Quite the reverse. More urban workers took part in the revolution than in the countryside. So while it is true that collectivisation was extensive in rural areas, the revolution also made its mark in urban areas and in industry.

In total, the "regions most affected" by collectivisation "were Catalonia and Aragon, were about 70 per cent of the workforce was involved. The total for the whole of Republican territory was nearly 800,000 on the land and a little more than a million in industry. In Barcelona workers' committees took over all the services, the oil monopoly, the shipping companies, heavy engineering firms such as Volcano, the Ford motor company, chemical companies, the textile industry and a host of smaller enterprises. . . Services such as water, gas and electricity were working under new management within hours of the storming of the Atarazanas barracks . . .a conversion of appropriate factories to war production meant that metallurgical concerns had started to produce armed cars by 22 July . . . The industrial workers of Catalonia were the most skilled in Spain . . . One of the most impressive feats of those early days was the resurrection of the public transport system at a time when the streets were still littered and barricaded." Five days after the fighting had stopped, 700 tramcars rather than the usual 600, all painted in the colours of the CNT-FAI were operating in Barcelona. [Antony Beevor, The Spanish Civil War, pp. 91-2]

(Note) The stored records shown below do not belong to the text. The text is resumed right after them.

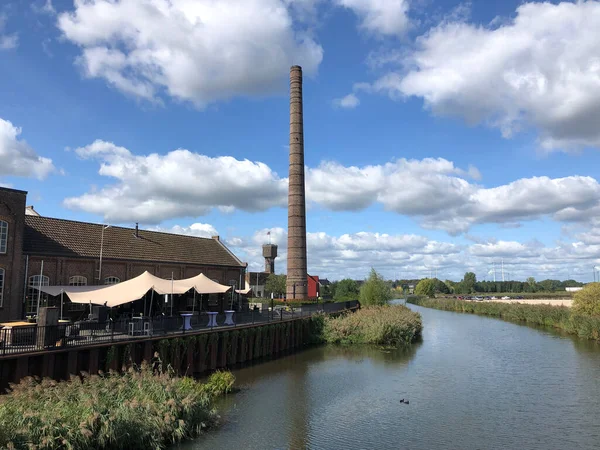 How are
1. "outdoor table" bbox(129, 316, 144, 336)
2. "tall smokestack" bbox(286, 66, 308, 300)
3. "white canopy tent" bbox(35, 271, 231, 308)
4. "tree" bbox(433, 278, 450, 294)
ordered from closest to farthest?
"outdoor table" bbox(129, 316, 144, 336) → "white canopy tent" bbox(35, 271, 231, 308) → "tall smokestack" bbox(286, 66, 308, 300) → "tree" bbox(433, 278, 450, 294)

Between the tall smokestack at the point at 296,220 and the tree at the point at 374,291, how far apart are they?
9.24 m

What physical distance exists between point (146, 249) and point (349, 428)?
23.2 meters

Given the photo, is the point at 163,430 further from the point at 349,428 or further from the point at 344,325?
the point at 344,325

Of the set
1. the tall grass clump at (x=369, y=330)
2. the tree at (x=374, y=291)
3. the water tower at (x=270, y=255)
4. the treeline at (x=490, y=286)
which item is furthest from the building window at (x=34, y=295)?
the treeline at (x=490, y=286)

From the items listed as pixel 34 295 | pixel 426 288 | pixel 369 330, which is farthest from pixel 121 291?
pixel 426 288

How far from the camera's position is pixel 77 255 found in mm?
27719

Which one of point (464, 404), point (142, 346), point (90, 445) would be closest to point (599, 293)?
point (464, 404)

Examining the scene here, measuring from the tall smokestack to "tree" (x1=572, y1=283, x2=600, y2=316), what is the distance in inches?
1023

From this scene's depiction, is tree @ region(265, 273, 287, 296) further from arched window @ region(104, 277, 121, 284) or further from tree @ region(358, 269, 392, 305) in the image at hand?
arched window @ region(104, 277, 121, 284)

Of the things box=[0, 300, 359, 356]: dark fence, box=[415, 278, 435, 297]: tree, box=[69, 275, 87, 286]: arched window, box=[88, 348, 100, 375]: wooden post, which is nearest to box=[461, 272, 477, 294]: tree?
box=[415, 278, 435, 297]: tree

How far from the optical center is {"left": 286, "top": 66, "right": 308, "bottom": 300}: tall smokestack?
48.4m

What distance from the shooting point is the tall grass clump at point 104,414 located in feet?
33.5

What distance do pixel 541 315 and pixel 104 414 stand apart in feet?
165

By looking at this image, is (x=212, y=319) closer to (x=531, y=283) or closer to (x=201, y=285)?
(x=201, y=285) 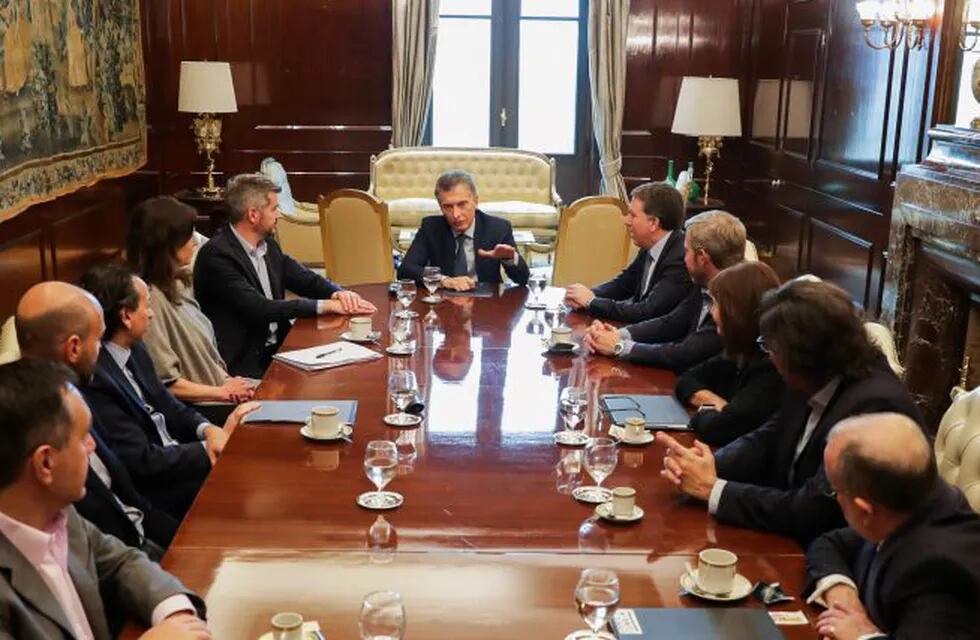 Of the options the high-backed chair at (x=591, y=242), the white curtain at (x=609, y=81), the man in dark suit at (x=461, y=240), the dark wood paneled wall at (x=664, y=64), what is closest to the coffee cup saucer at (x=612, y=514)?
the man in dark suit at (x=461, y=240)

About 75% of Spanish industry was concentrated in Catalonia, the stronghold of the anarchist labour movement, and widespread collectivisation of factories took place there. However, collectivisation was not limited to Catalonia and took place all across urban as well as rural Republican Spain. As Sam Dolgoff rightly observes, "[t]his refutes decisively the allegation that anarchist organisational principles are not applicable to industrial areas, and if at all, only in primitive agrarian societies or in isolated experimental communities." [The Anarchist Collectives, pp. 7-8]

There had been a long tradition of peasant collectivism in the Iberian Peninsula, as there was among the Berbers and in the ancient Russian mir. The historians Costa and Reparaz maintain that a great many Iberian collectives can be traced to "a form of rural libertarian-communism [which] existed in the Iberian Peninsula before the Roman invasion. Not even five centuries of oppression by Catholic kings, the State and the Church have been able to eradicate the spontaneous tendency to establish libertarian communistic communities." [cited, Op. Cit., p. 20] So it is not surprising that there were collectives in the countryside.

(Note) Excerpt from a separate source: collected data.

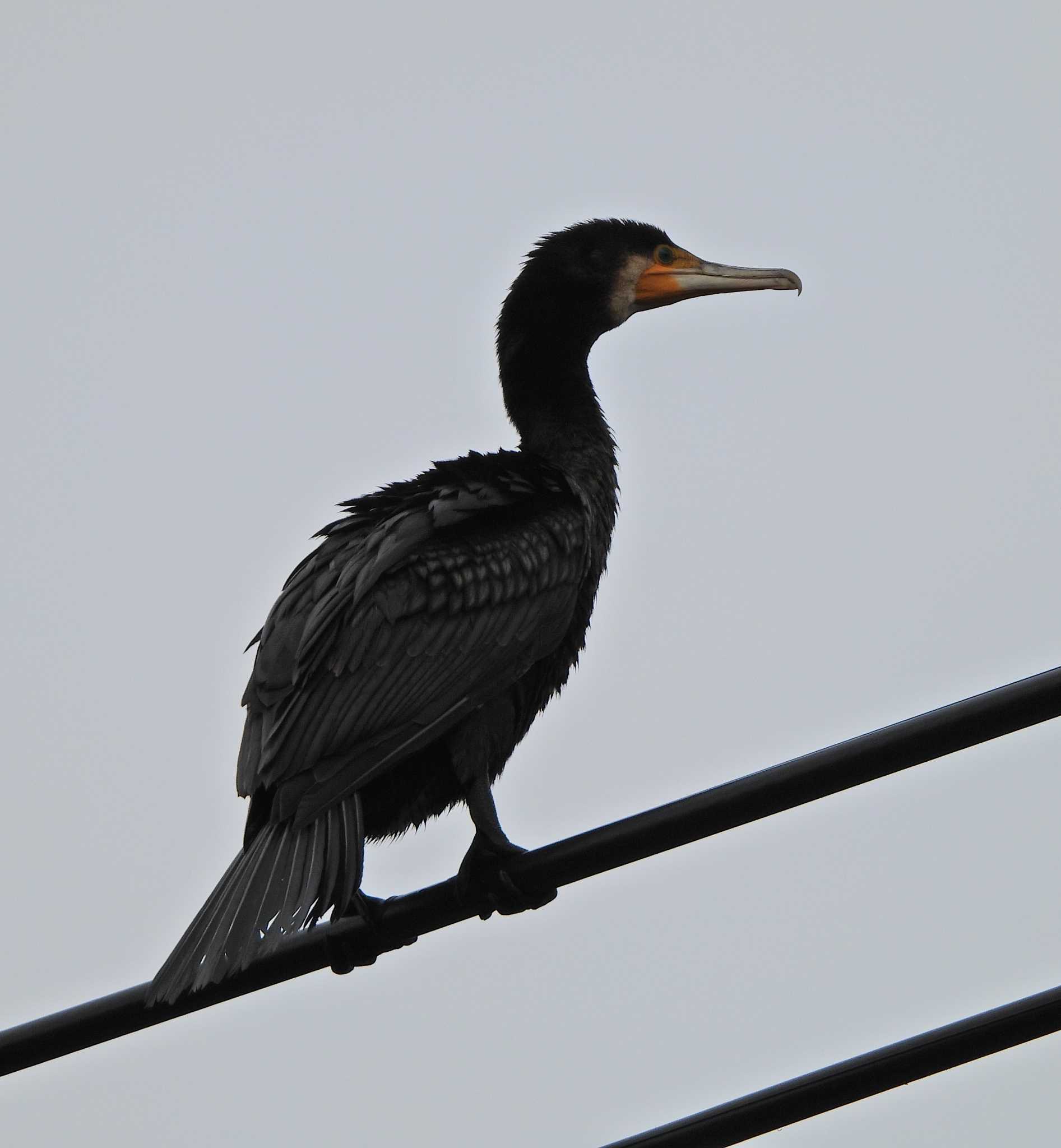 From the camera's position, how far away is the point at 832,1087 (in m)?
3.23

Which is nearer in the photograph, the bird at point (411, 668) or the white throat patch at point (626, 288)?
the bird at point (411, 668)

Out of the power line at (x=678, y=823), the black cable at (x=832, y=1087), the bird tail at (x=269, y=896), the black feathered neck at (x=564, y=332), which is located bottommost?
the black cable at (x=832, y=1087)

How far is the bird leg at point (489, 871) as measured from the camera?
4.33 m

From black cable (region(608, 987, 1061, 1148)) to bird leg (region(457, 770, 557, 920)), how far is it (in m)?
0.96

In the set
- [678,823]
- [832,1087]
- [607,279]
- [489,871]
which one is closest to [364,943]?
[489,871]

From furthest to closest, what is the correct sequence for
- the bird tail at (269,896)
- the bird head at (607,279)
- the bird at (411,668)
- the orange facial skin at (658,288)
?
the orange facial skin at (658,288) → the bird head at (607,279) → the bird at (411,668) → the bird tail at (269,896)

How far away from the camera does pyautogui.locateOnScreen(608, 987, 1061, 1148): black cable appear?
320cm

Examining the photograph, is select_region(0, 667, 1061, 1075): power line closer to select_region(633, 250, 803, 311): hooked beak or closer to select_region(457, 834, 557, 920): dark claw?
select_region(457, 834, 557, 920): dark claw

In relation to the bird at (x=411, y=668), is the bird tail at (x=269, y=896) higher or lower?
lower

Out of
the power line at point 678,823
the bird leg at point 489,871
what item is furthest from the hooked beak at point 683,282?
the power line at point 678,823

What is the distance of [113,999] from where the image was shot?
3574 millimetres

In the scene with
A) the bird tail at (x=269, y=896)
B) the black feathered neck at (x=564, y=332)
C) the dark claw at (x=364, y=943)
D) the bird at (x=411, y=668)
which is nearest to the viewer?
the bird tail at (x=269, y=896)

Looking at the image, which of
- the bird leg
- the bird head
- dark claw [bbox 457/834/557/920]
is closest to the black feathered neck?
the bird head

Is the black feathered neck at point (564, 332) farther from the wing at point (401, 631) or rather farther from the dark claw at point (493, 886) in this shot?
the dark claw at point (493, 886) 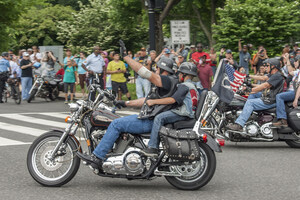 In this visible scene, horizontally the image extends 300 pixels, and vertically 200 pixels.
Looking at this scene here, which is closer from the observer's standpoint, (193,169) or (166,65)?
(193,169)

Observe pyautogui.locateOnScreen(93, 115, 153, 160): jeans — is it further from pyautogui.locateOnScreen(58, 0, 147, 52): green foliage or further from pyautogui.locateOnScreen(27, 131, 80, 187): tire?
pyautogui.locateOnScreen(58, 0, 147, 52): green foliage

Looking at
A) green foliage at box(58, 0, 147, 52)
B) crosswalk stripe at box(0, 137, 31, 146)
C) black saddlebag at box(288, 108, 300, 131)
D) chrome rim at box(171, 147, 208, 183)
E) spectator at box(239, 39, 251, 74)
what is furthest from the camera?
green foliage at box(58, 0, 147, 52)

According to Augustin Souchy, "[i]t is no simple matter to collectivise and place on firm foundations an industry employing almost a quarter of a million textile workers in scores of factories scattered in numerous cities. But the Barcelona syndicalist textile union accomplished this feat in a short time. It was a tremendously significant experiment. The dictatorship of the bosses was toppled, and wages, working conditions and production were determined by the workers and their elected delegates. All functionaries had to carry out the instructions of the membership and report back directly to the men on the job and union meetings. The collectivisation of the textile industry shatters once and for all the legend that the workers are incapable of administrating a great and complex corporation" [cited, Op. Cit., p. 94].

Moreover, Spain in the 1930s was not a "backward, peasant country," as is sometimes supposed. Between 1910 and 1930, the industrial working class more than doubled to over 2,500,000. This represented just over 26% of the working population (compared to 16% twenty years previously). In 1930, 45 per cent of the working population were engaged in agriculture. [Ronald Fraser, The Blood of Spain, p. 38] In Catalonia alone, 200,000 workers were employed in the textile industry and 70,000 in metal-working and machinery manufacturing. This was very different than the situation in Russia at the end of World War I, where the urban working class made up only 10% of the population.

Capitalist social relations had also penetrated agriculture much more thoroughly than in "backward, underdeveloped" countries by the 1930s. In Russia at the end of World War I, for example, agriculture mostly consisted of small farms on which peasant families worked mainly for their own subsistence, bartering or selling their surplus. In Spain, however, agriculture was oriented to the world market and by the 1930s approximately 90% of farm land was in the hands of the bourgeoisie. [Fraser, Op. Cit., p. 37] Spanish agribusiness also employed large numbers of labourers who did not own enough land to support themselves. The revolutionary labour movement in the Spanish countryside in the 1930s was precisely based on this large population of rural wage-earners (the socialist UGT land workers union had 451,000 members in 1933, 40% of its total membership, for example).

Therefore the Spanish Revolution cannot be dismissed as a product a of pre-industrial society. The urban collectivisations occurred predominately in the most heavily industrialised part of Spain and indicate that anarchist ideas are applicable to modern societies (indeed, the CNT organised most of the unionised urban working class). By 1936 agriculture itself was predominately capitalist (with 2% of the population owning 67% of the land). The revolution in Spain was the work (mostly) of rural and urban wage labourers (joined with poor peasants) fighting a well developed capitalist system.

Therefore, the anarchist revolution in Spain has many lessons for revolutionaries in developed capitalist countries and cannot be dismissed as a product of industrial backwardness.